2001年に閉山し、8000人近くまで増えた人口も今や200人を切りました。
大きな小中学校に通うのは、小学生たった1人ということです。
草木に浸食され廃墟化しつつあるアパート群を眺めていると、
たった十数年でこんなに変わってしまうのかと、日々の儚さや無常というものを感じずにはいられません。
池島を毎年撮り、この島の移り変わる様をはっきりと目の当たりにすることで、
何気なく過ごしている日々はこのまま変わらず続いていくものではなく
当たり前にある目の前の風景も儚いものだということが胸に迫ってきます。
そして、だからこそ気付く“ありふれた日常”の大切さ。
来年もまた、この季節に「池島レトログラフィvol.4」を開催する予定です。
移ろいゆく池島を再び撮りに行きませんか?
![クリエイティブツアー「池島レトログラフィ」](https://f-d.heteml.net/f_d2019/wp-content/uploads/2019/10/IMG_0358-1.jpg)
![クリエイティブツアー「池島レトログラフィ」](https://f-d.heteml.net/f_d2019/wp-content/uploads/2019/10/IMG_0229-1-1.jpg)
参加者の皆さん、本当にお疲れ様でした。
いつものクリエイティブツアーでは、いくつもの見学地をバスで巡っていきますが、
池島の場合は基本、徒歩ですし、また暑かったので、
なかなかハードな一日だったかと思います。
「自分の体力の無さを痛感しました」と仰る方も。
でも、皆さんから「楽しかった」という声をお聞きして、私共も嬉しく思いました。
池島に対しては「不思議な感じがした」という感想が多く聞かれました。
また「帰ってから写真を見返すのが楽しみ」「現像するのが楽しみ」とも仰られていましたね。

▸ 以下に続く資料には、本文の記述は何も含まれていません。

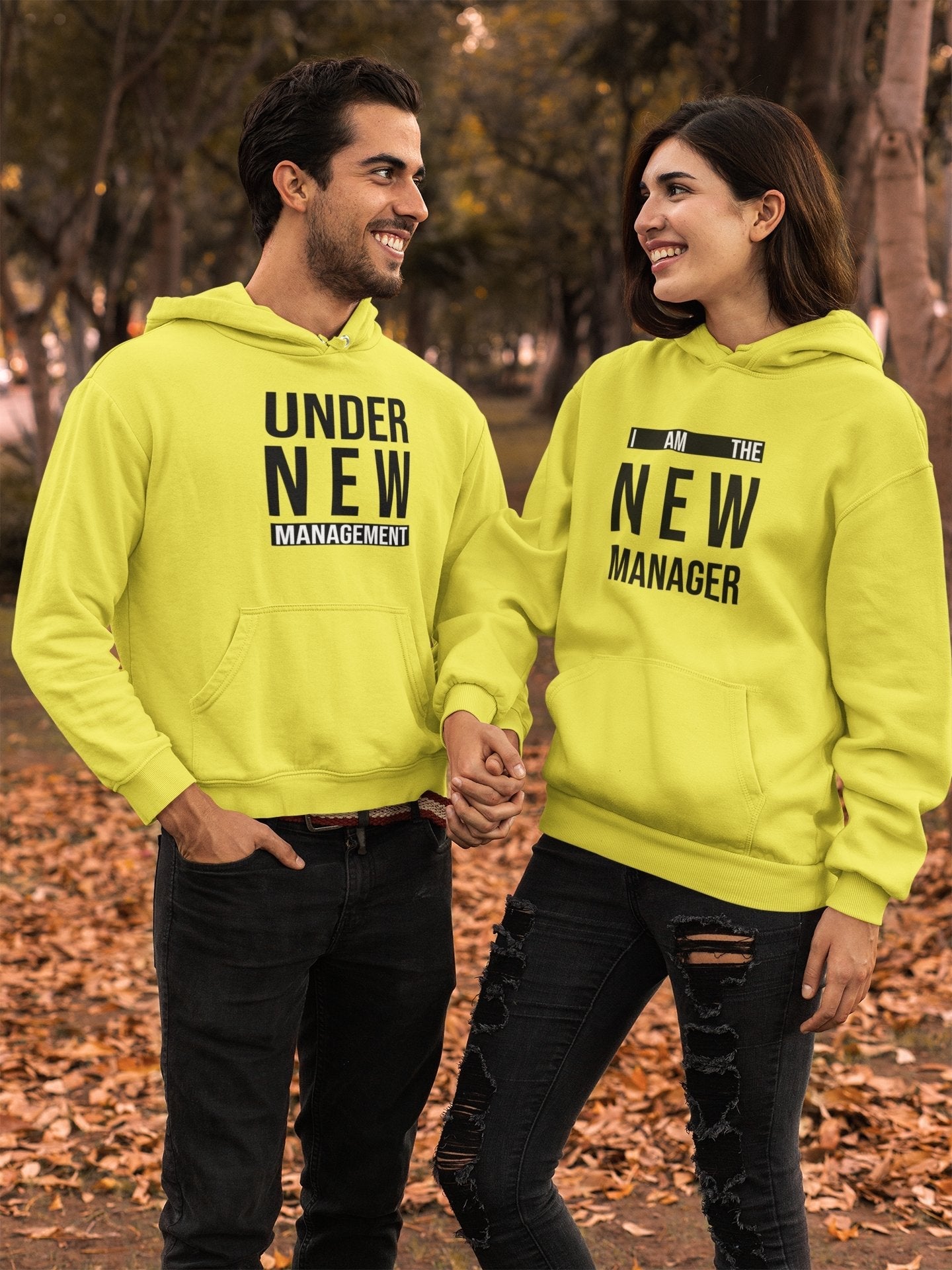 Under New Management Couple Hoodie-FunkyTradition - Funky Tees Club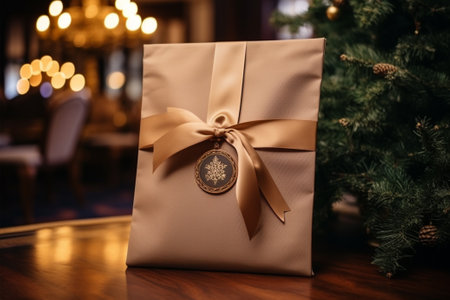 Christmas gift box with gold bow on wooden table in restaurant, closeupの素材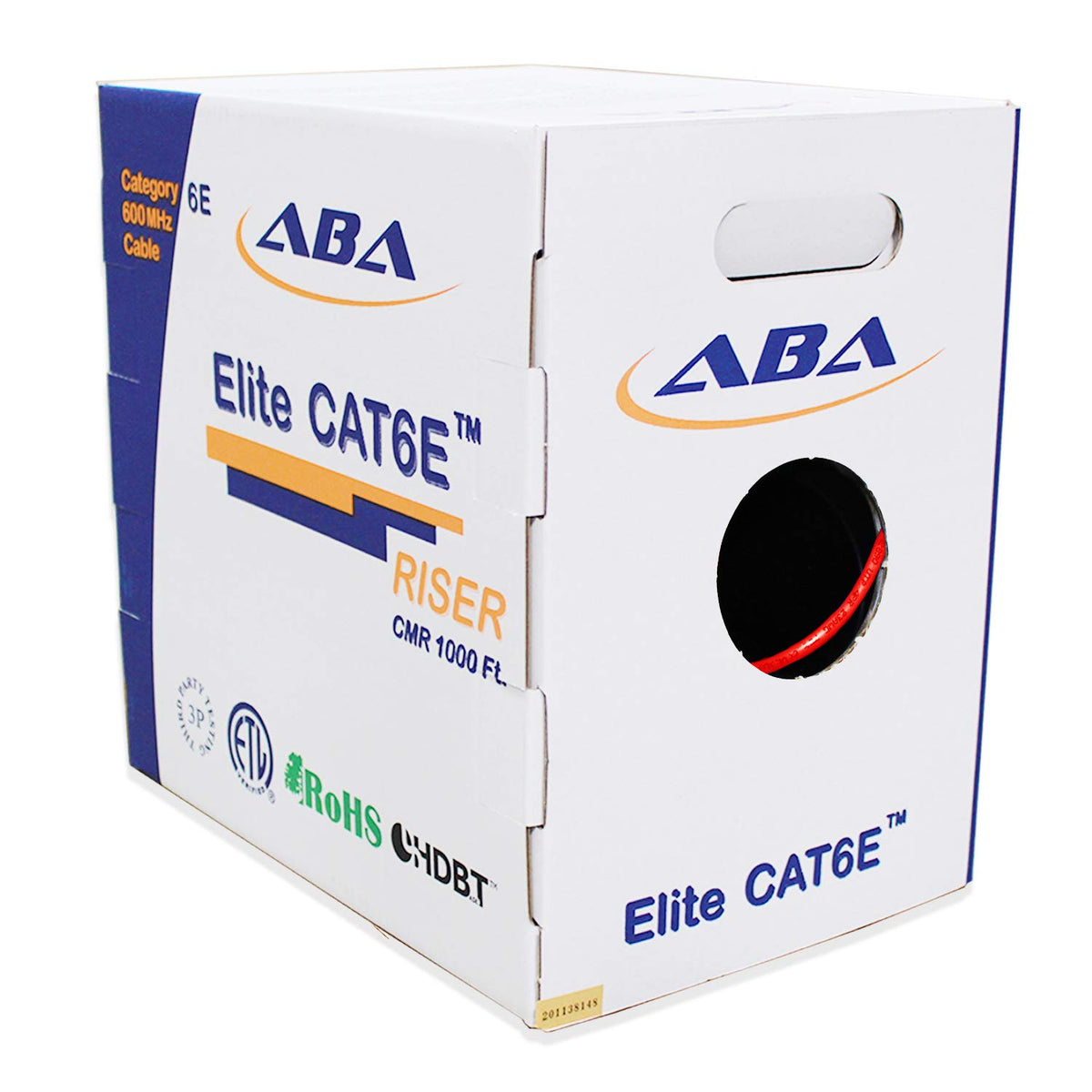 Cat6 CMR Riser Ethernet Cable 1000ft, 24AWG, Solid Bare Copper Wire, 600MHz, Red X159668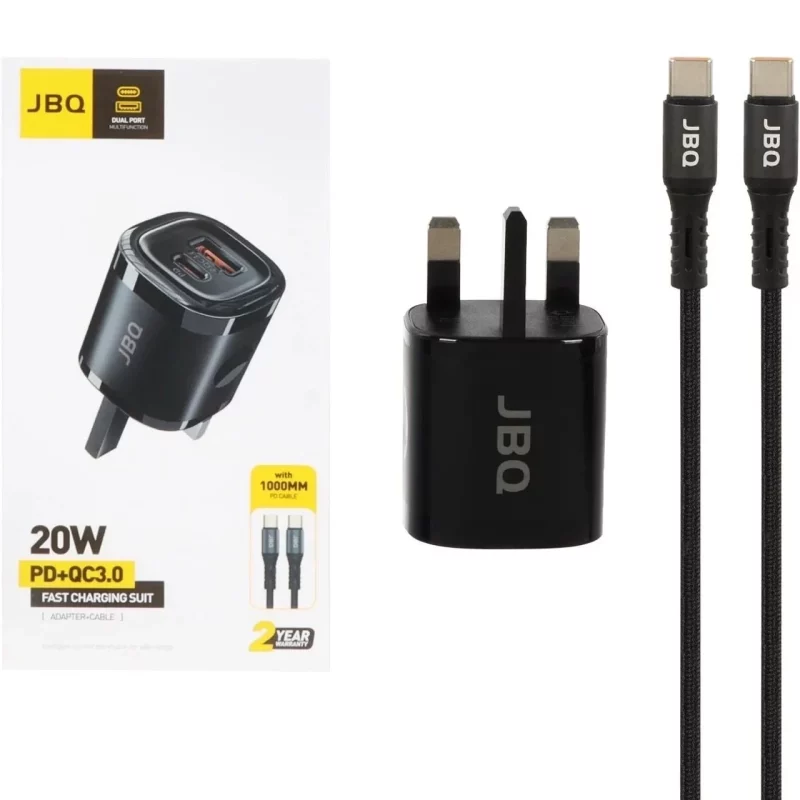 شارژر دیواری فست و PD دو پورت JBQ مدل WC-608B 20W همراه با کابل Type-C To Lightning - مشکی (گارانتی یکساله رصاصی) - تصویر 2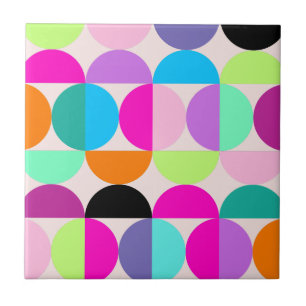 Colorful Circles Mid Century Modern Geometric Ceramic Tile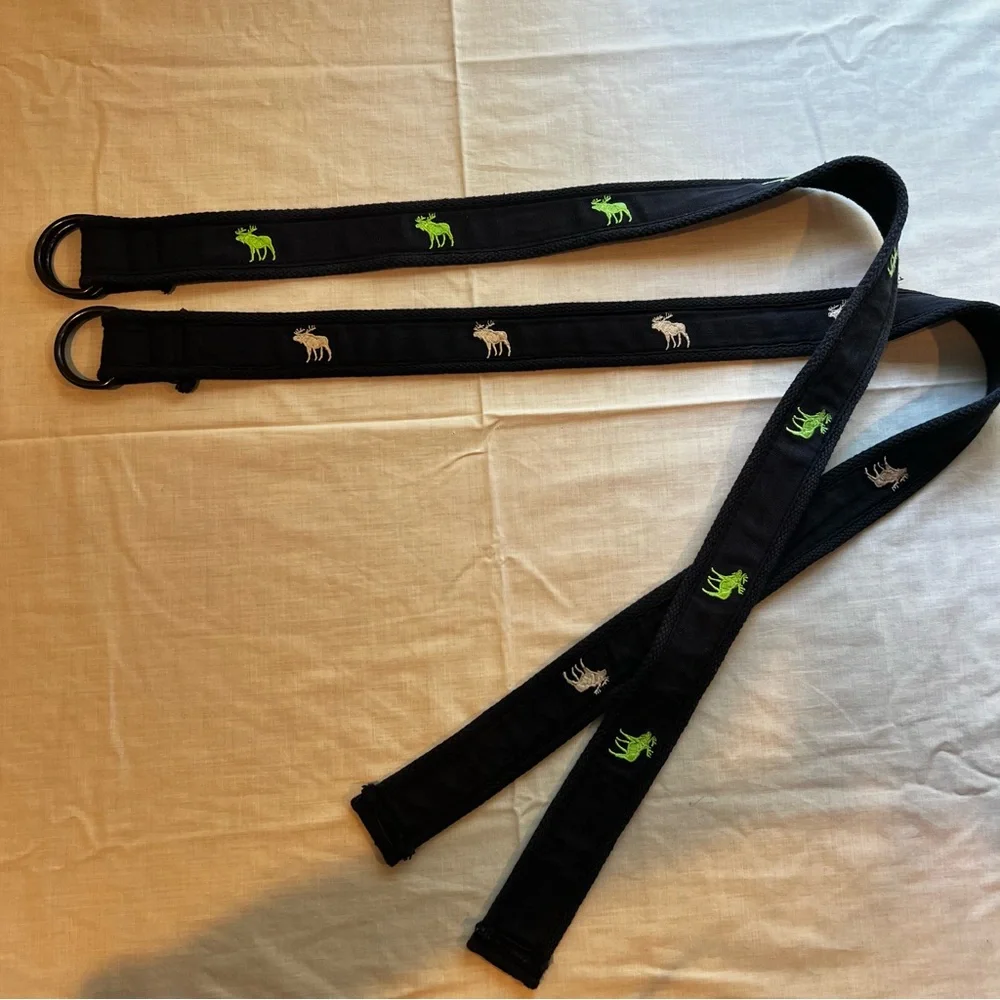 Navy Belts (2) with Green and White Embroidery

きっと、良い写真がたくさん撮れたのだろうなぁと思います。
ご参加ありがとうございました!
そして、福岡〜瀬戸港間を安全運転してくださった福岡伊都バスの脇坂さん、ありがとうございました。
脇坂さんのおかげで、無事にお土産も買えました。
(なぜか、カボチャを購入している方が複数いらっしゃったのが謎でしたけど…。)
次回のクリエイティブツアーは、8月30日(日)開催の肥薩レトログラフィvol.2です。
こちらもフォトジェニックな場所が満載ですよ。
どうぞお楽しみに。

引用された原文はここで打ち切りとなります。